#### ENTRIES SHOWN

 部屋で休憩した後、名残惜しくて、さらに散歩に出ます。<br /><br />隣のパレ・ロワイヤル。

########
#### ENTRIES SHOWN

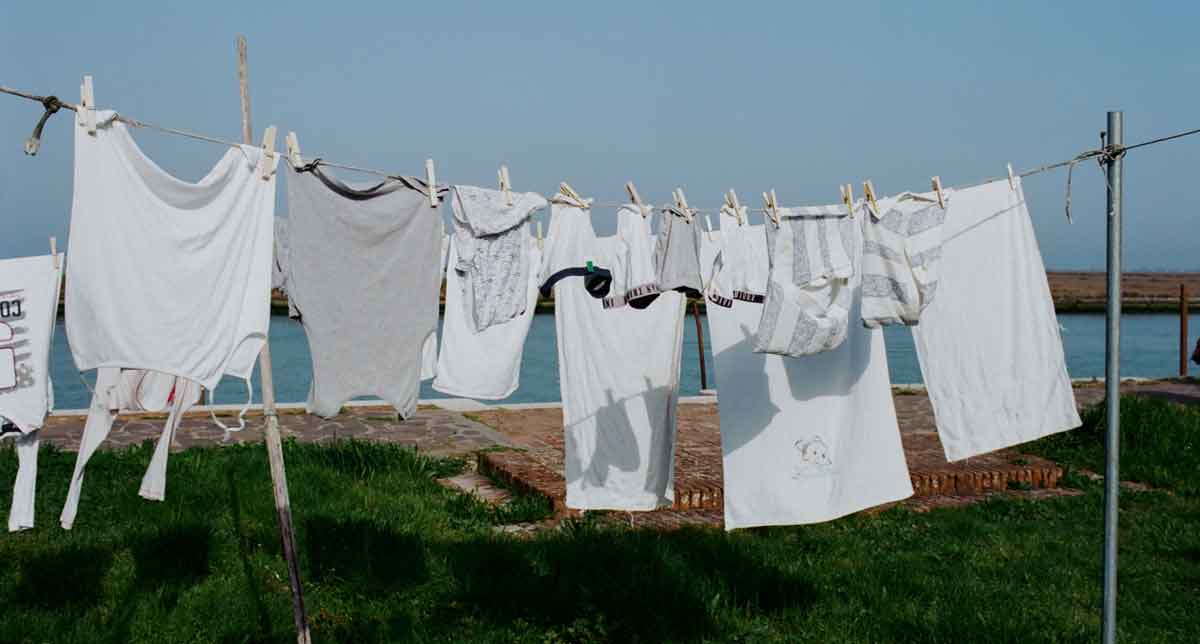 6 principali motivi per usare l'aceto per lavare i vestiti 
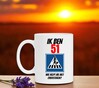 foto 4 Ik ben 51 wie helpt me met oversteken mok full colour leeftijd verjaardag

########
#### ENTRIES SHOWN

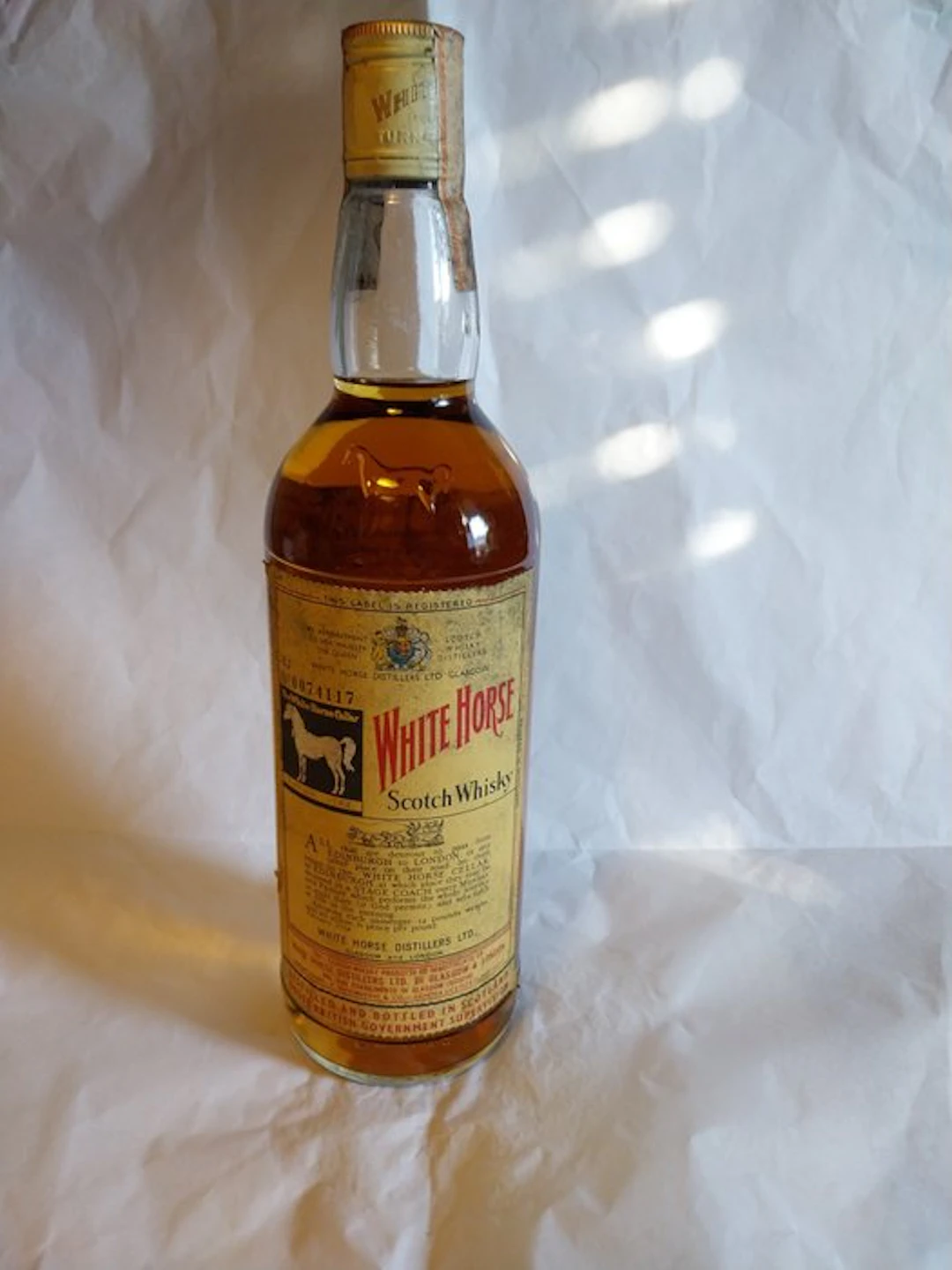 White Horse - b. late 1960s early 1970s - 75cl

########

> **TO DO**
Your answer is the exact run of lines above from the one with "6 principali motivi" through the one with "foto 4 Ik ben", both ends included, minus any picture.

> **RESPONSE BELOW**
 6 principali motivi per usare l'aceto per lavare i vestiti 
 foto 4 Ik ben 51 wie helpt me met oversteken mok full colour leeftijd verjaardag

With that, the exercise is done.